Some things sold well, yet when I went back to the markets to get more inventory, the same items were unavailable. Some things didn’t sell well, because I didn’t bring back what people wanted to buy. So let’s just say that many of my friends received African goods as gifts for several years!
Some people would call that a huge waste of time and energy. I wouldn’t. I learned a ton that I carried forward into my future work.
So What Did I Learn From This Total Flop?
Lessons I Learned from Failing:
- Do your research and make sure you understand the playing field before starting a small business. Market research is your friend! It would have helped my chances of success if I understood online marketing.
- Know your market and what they want to buy. This includes knowing the generation (or generations) of your target consumer so you can “speak their language” when marketing to them.
- Develop a strong, reliable supply chain.
Now, I don’t believe a strong business plan guarantees success. The fact is, in business and in life, you never know what is going to happen, especially in an economy that is constantly in flux. In that sense, treating your business plan as though it is set in stone is detrimental to your ability to succeed. However, that doesn’t mean you shouldn’t do your research about the market you are entering and who your target consumers are.

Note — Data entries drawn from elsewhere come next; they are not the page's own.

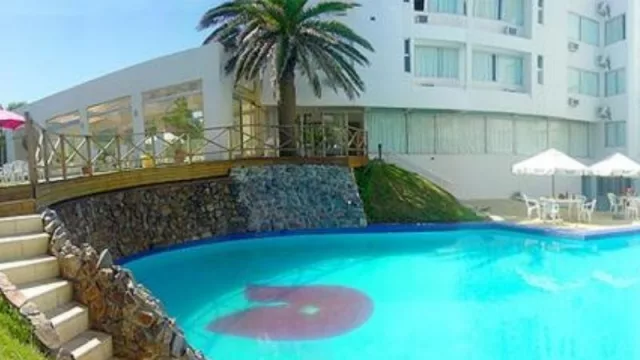 Hermético negocio (Sinergia llega a Punta y lo mantiene en secreto)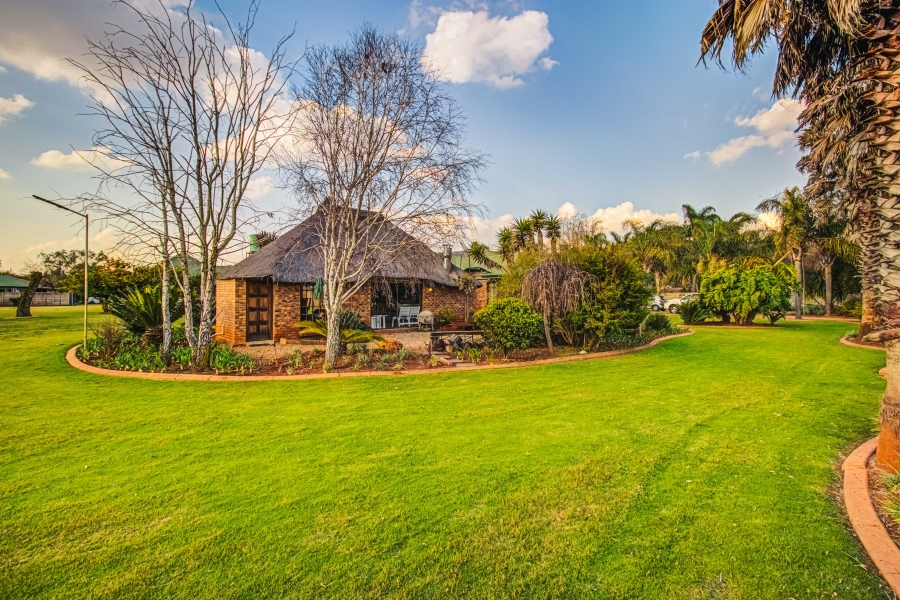 16 Bedroom Property for Sale in Zesfontein A H Gauteng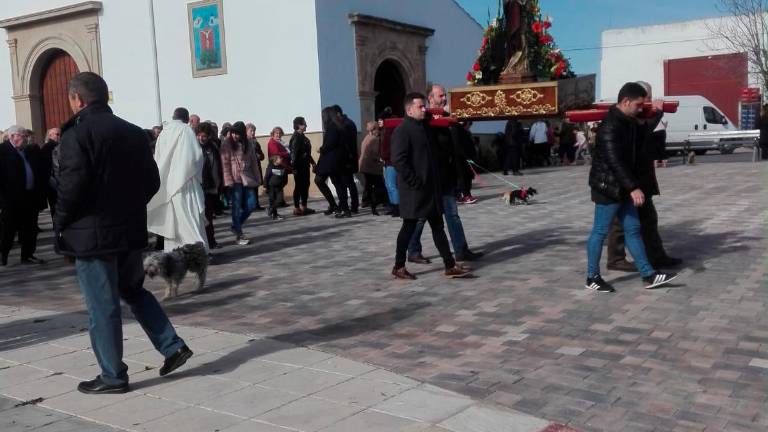 Bendición al amparo de la ermita de Santa Ana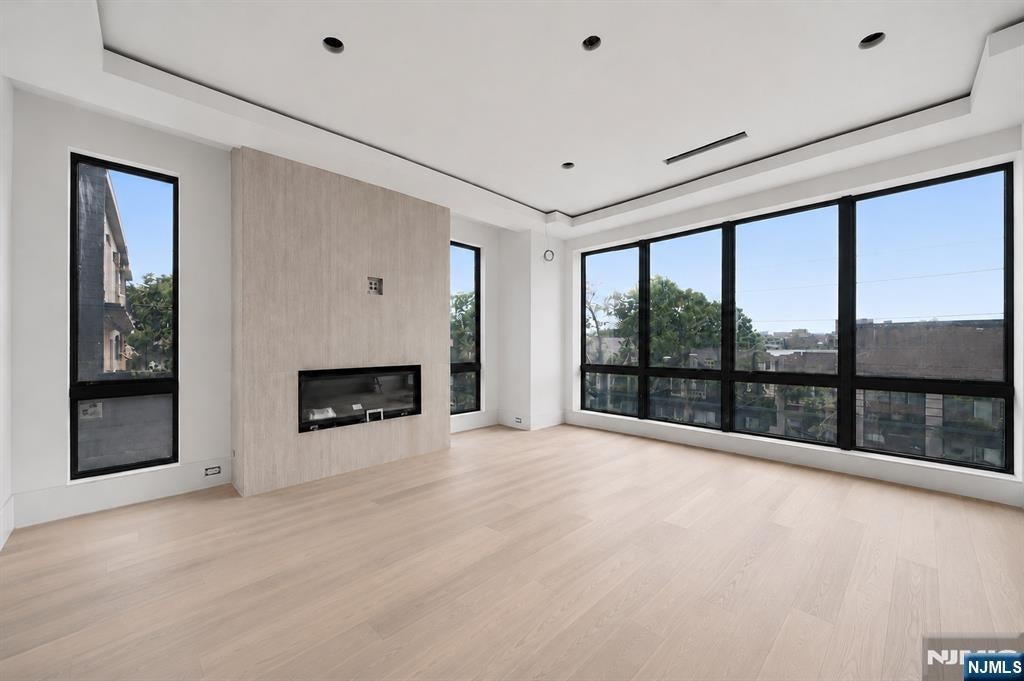 392 Undercliff Avenue 1
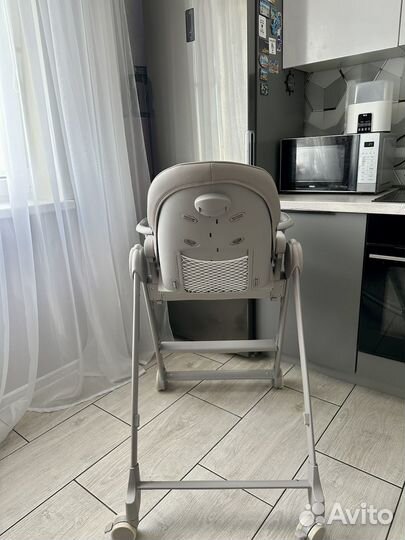 Стульчик для кормления happy baby berny lux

As leaders we are expected to know everything, so we feel hesitant asking questions or admitting we don’t know something. Yet, we have to ask questions! And that’s just the first step. The next step is actually listening, a skill so valuable that it deserves continual practice.
So there you have it. Two of my many failures to jumpstart my Bring Back Failure! campaign. My Christmas cracker blowup and eBay flop strengthened my business sense, and improved my communication and listening skills. My eyes were opened to the need for leaders to truly understand and respect cultural diversity. And rather than sending me into a spiral of bone crushing disappointment, my failures motivated me to keep trying. As Thomas Edison said, “I have not failed. I’ve just found 10,000 ways that won’t work.”
Ready to join the Bring Back Failure! campaign? Share a story of a time you failed with pride. Tell us (and others) what you learned. Encourage those around you to lose their shame over failure and embrace it as one step closer to innovation. Start today by sharing your story in the comment section below, send me an email, or find me on Twitter.
Denis Waitley says it well:
“Failure should be our teacher, not our undertaker. Failure is delay, not defeat. It is a temporary detour, not a dead end. Failure is something we can avoid only by saying nothing, doing nothing, and being nothing.”